Sacred Love

Oct
31
2004
Oslo, NO
Spektrumwith Tom Hell and the Love Connection

Sting is short on surprises...


He is in the middle of an extensive world tour and charmed yet another packed venue in the capital last night with his 52-year-old youthfulness. Our reviewer gives it FOUR out of six possible points.


The wood still wants Sting and his ready-chewed mixture of pop joy and jazz elegance. He has retained the ability to forge good melodies, and with his strong social commitment and his philosophizing will, he keeps a firm grip on a loyal audience.


After the cancellation of a planned concert in May, the expectations in the packed Oslo Spektrum are both strong and clear. And the band takes the stage with a colossal sound image that leaves little doubt about high professionalism.


The only problem is that it sounds slightly synthetic and that Sting's voice does not emit enough warmth to penetrate.

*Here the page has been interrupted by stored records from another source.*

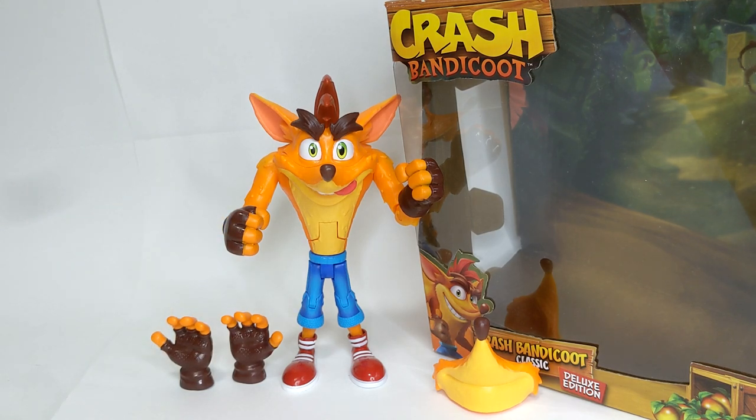Thank you so much for watching, guys. Hope to see you in the next video where I'm going to review even more Crash Bandicoot merchandise — so stay tuned. Remember to like, subscribe, and leave a comment down below telling me what you think of this guy.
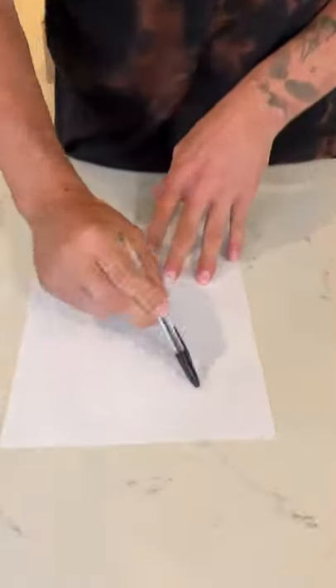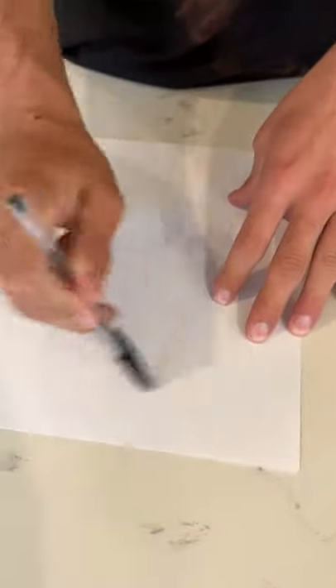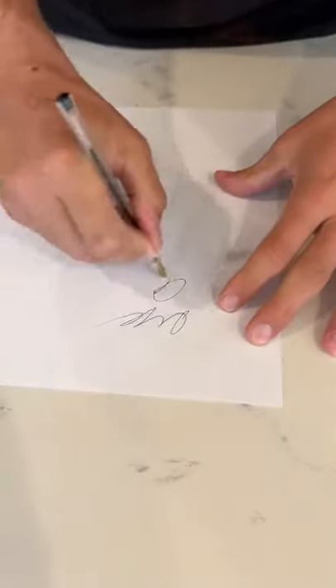All right, so apparently pens don't work just like this. I'm trying to write my name and it's not working. This is stupid, but... Oh my gosh.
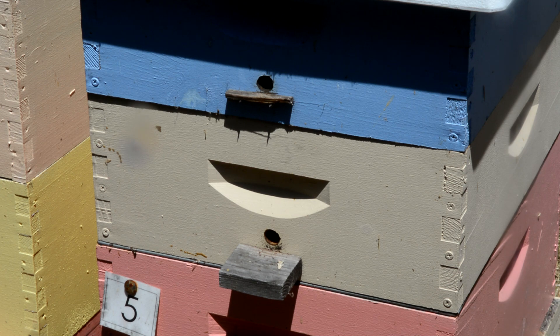Not only does the queen excluder not slow down bees coming up for honey, it doesn't slow them going down for taking in pollen. But if you are concerned about a queen excluder, this is one way that you can allow the bees to bring the nectar and henceforth honey directly into the honey super.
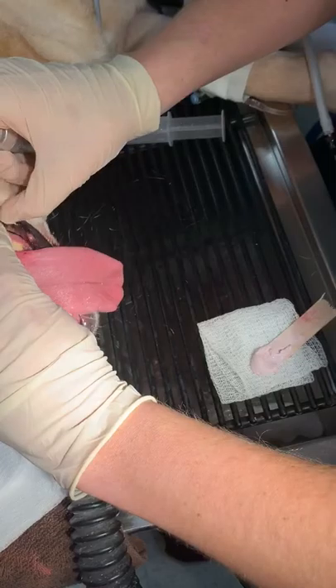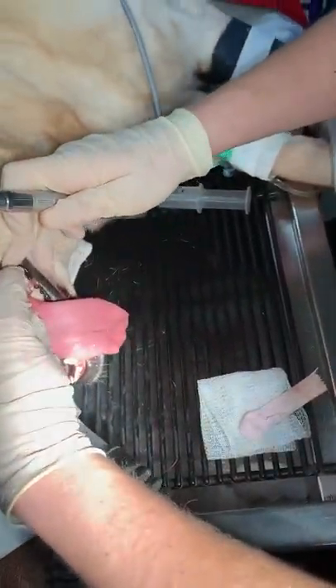I want to put this against the tooth before I press down on the pedal, because otherwise it's going to fling polish all over the place.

With two pounding drummers, the Englishman appears so arena-friendly that Oslo Spektrum almost seems too small. That is not the intimacy this elusive man is looking to foster in the first few numbers. Even when Sting takes up the first acoustic guitar of the evening, the music seems hectic. 'Dead Man's Rope' nevertheless gives his voice so much air around it that the impression moves towards the warmly human.

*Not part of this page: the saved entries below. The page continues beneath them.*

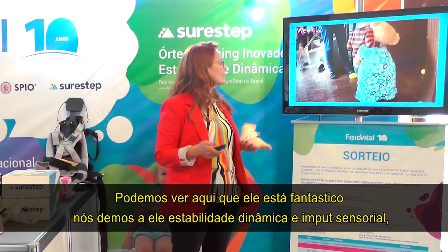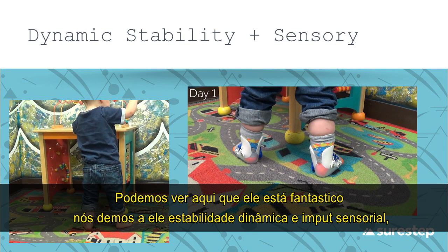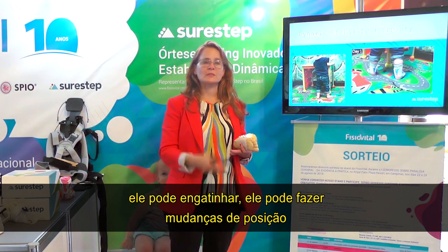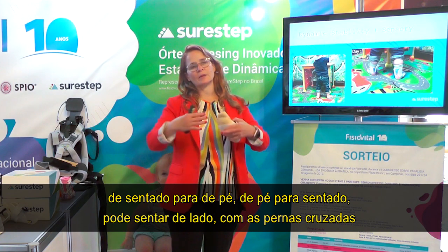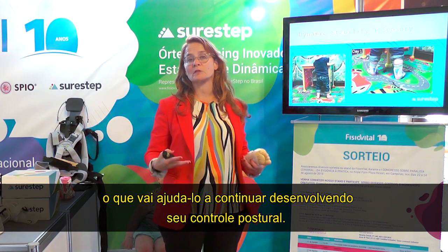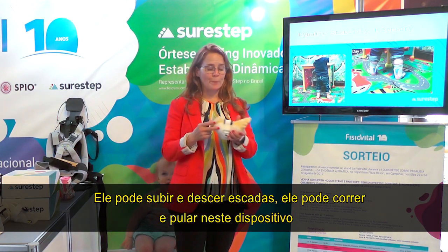We've given him dynamic stability and sensory input. We haven't impeded any of the movements he needs to do on the floor. He can crawl in these, go from sit to stand and stand to sit, side sit, and ring sit — he can sit in a variety of ways which will help him continue to develop his postural control. He can go up and down stairs, and he can run and jump in this device.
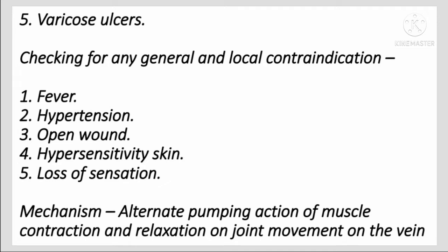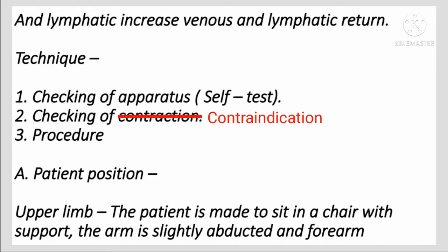Additional contraindications include open wound, hypersensitive skin, loss of sensation, and metal implant. The mechanism involves the alternate pumping action of muscle contraction and relaxation, and joint movement on the veins and lymphatics, which increases venous and lymphatic return.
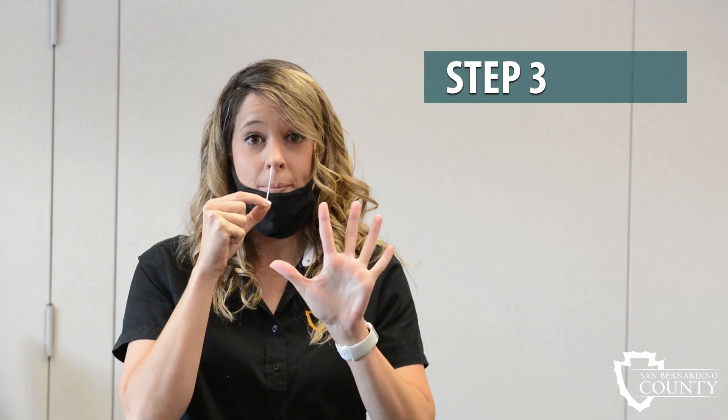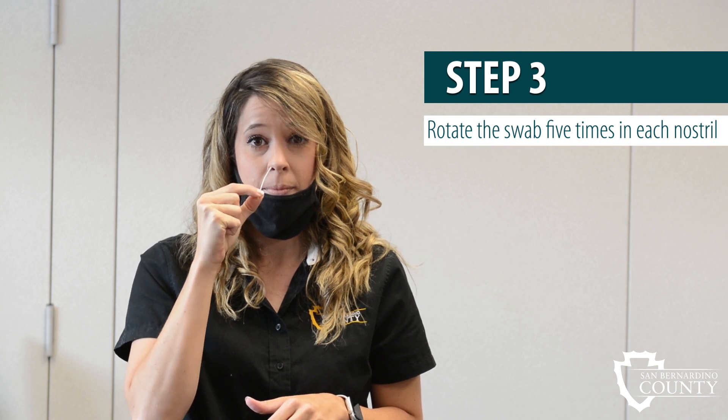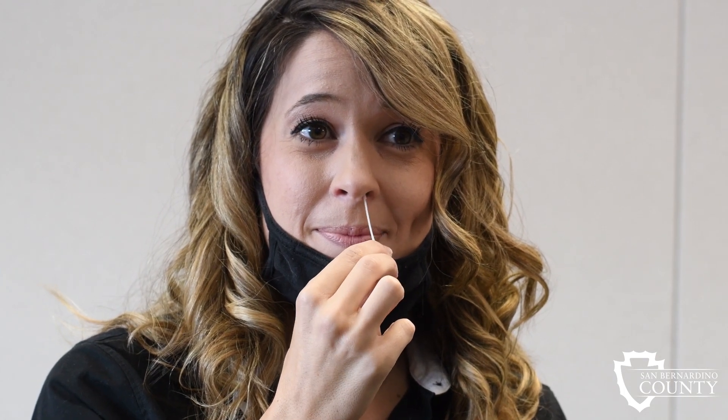Step 3: Rotate the swab five times, touching all sides of the inside of your nose. Then take the swab out and repeat in the other nostril, rotating the swab five times.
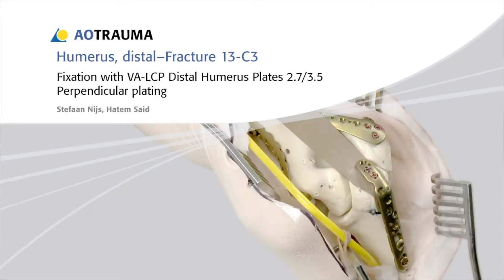In this presentation, the fixation of a distal humerus fracture, AO classification 13C3, will be shown using VA-LCP distal humerus plates 2.7/3.5 in a perpendicular plating configuration.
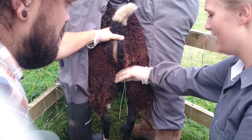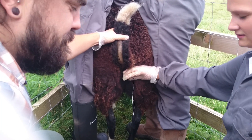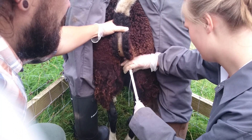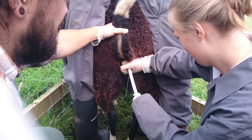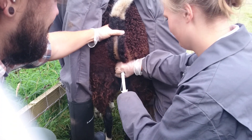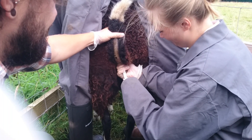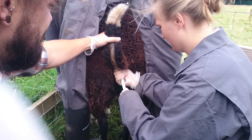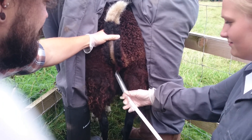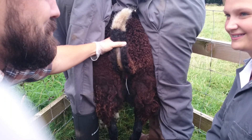What's that string for? So when we're finished we can easily just pull it out. Now we're just using this to put it in. Perfect. That's a well sponged tube.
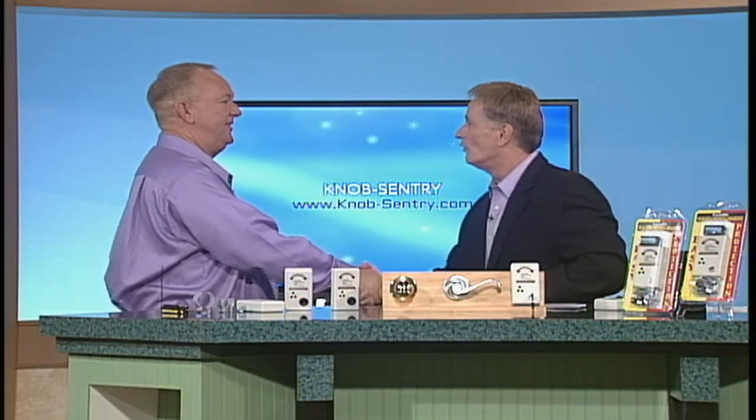We are so happy to have with us right now the creator and inventor of Knob Century — here's Carl Snyder. Carl, come on in. How are you? Good to have you on the show.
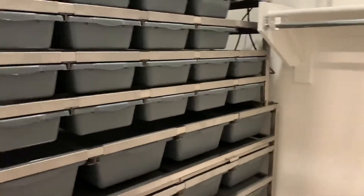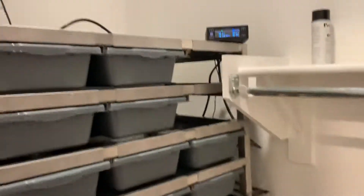All right YouTube, it's Prism Pythons. We got our custom built rack from Freedom Breeder — Jesse over at Freedom Breeder. Awesome to work with. Just told them what we wanted and the specs. Look at how perfect it fits in this closet.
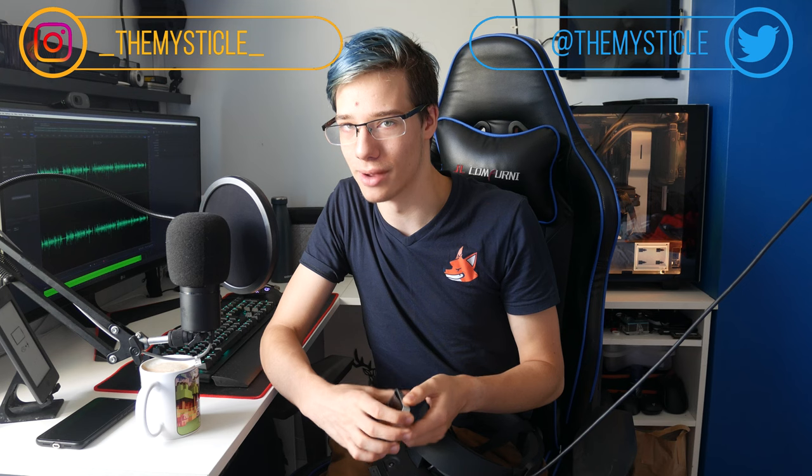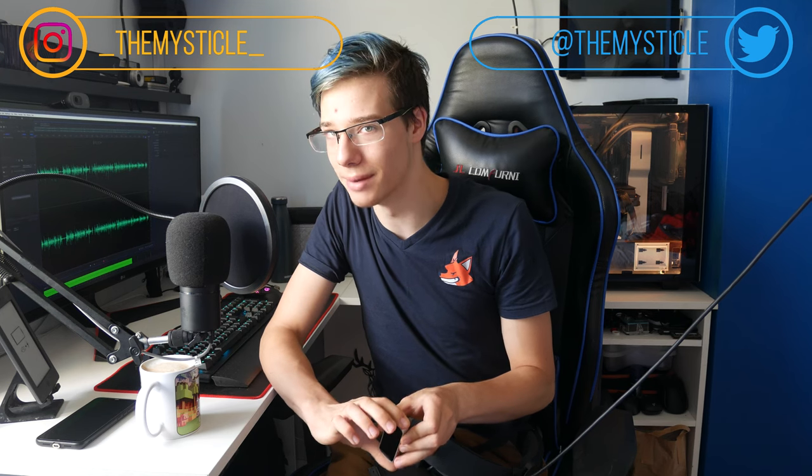If you guys liked this video, make sure to give it a like. If you disliked it, please tell me why down in the comments below. If you like this type of content and want to join the community, we have a Discord server in the description, and a Reddit where I want to see your memes. I upload tech videos daily and VR videos on Mondays and Fridays, so subscribe and hit the bell.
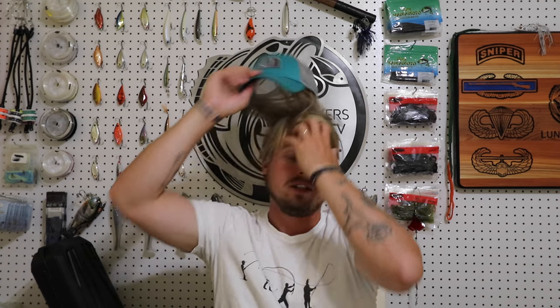I just wanted to get these summertime baits out to you guys since a lot of people have been asking. I hope you enjoy it and hopefully you learned something. If you're new to the channel, we post videos every single day at 9 a.m. Follow me on Instagram, Snapchat, Periscope, and Twitter — everything is Lunkers TV. Especially follow me on Snapchat if you want to see what I'm doing throughout my day. I'll see you guys tomorrow.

The first notes of 'Fragile' reap spontaneous applause, while the bombs slowly fall on the enormous screens behind the artist's back. We understand the message as the planes take off towards us all! The joy of recognition is great, and the song receives the concert's first stomping applause.


It is true that both Sting and the band feel at home in almost any genre, but it is also true that the genres lose some of their inherent characteristics in the hands of the evening's musicians. The two female vocalists he has with him, for example, light the light in some of the songs.


All of Sting's elegance cannot make up for the fact that the content of his music sometimes seems rather flat. What was a winning formula in the 80s, struggles to convince twenty years later. Guitarist Dominique Miller reminds us of how guitar heroes pushed boundaries a few years ago, while keyboardist Jason Rebello told me more when he was launched as a jazz pianist with his own career.


Sting dances his way into 'Roxanne', and the audience has a party. Then he leaves the stage, without it being the end of it. It is part of the story of this evening that Norwegian Tom Hell and Love Connection warm up for the main attraction and that they did so in an excellent way.